→ Aim of the task: Take the entries that follow and return exactly the lines from the one holding "Vom Runway: Diesen" through the one holding "417 7th Avenue NE Clarion IA 50525", both included. Nothing else is needed.

>>>

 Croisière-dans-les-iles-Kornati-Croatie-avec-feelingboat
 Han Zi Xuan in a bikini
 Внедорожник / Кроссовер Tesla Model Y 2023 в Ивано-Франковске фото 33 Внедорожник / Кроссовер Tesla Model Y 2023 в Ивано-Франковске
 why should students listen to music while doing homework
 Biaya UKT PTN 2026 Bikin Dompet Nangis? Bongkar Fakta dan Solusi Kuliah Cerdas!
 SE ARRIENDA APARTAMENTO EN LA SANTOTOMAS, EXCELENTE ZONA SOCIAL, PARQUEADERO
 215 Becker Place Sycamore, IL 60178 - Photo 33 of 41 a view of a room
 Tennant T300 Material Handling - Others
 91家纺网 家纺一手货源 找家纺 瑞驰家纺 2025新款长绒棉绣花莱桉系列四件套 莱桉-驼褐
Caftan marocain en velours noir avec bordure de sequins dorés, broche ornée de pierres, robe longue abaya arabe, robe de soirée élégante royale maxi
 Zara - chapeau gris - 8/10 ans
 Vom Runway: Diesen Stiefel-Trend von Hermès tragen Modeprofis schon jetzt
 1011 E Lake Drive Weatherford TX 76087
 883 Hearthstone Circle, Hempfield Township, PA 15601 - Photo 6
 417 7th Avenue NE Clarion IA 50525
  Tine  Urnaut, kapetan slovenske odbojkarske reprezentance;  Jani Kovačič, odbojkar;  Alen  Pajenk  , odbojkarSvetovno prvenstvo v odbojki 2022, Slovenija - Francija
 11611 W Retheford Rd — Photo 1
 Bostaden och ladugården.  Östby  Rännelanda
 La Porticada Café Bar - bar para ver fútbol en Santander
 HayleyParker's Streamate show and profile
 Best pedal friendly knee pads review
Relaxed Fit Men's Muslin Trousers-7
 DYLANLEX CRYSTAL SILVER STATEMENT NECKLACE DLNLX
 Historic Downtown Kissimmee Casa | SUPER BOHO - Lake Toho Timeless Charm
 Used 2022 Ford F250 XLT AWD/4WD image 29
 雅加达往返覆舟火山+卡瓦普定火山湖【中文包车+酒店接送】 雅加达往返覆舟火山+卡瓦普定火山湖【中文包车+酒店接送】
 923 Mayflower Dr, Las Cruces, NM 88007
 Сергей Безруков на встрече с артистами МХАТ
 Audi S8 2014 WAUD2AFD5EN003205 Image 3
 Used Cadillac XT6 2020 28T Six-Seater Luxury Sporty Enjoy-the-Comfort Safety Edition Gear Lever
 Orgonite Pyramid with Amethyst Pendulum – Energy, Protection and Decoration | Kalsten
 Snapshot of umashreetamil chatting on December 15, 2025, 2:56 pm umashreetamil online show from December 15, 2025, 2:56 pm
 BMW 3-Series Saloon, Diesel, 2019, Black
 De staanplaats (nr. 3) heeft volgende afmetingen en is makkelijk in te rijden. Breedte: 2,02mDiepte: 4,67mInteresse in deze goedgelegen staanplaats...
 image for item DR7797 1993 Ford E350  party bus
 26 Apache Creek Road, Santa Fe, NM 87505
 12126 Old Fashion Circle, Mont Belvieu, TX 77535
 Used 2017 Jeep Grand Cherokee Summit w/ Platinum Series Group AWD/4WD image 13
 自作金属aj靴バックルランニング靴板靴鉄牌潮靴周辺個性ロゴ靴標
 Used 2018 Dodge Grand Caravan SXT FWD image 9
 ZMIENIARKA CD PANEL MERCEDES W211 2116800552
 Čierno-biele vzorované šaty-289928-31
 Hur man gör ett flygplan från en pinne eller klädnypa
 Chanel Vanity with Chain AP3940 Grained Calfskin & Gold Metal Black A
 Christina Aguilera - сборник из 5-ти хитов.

<<<

→ Exercise solution:
 Vom Runway: Diesen Stiefel-Trend von Hermès tragen Modeprofis schon jetzt
 1011 E Lake Drive Weatherford TX 76087
 883 Hearthstone Circle, Hempfield Township, PA 15601 - Photo 6
 417 7th Avenue NE Clarion IA 50525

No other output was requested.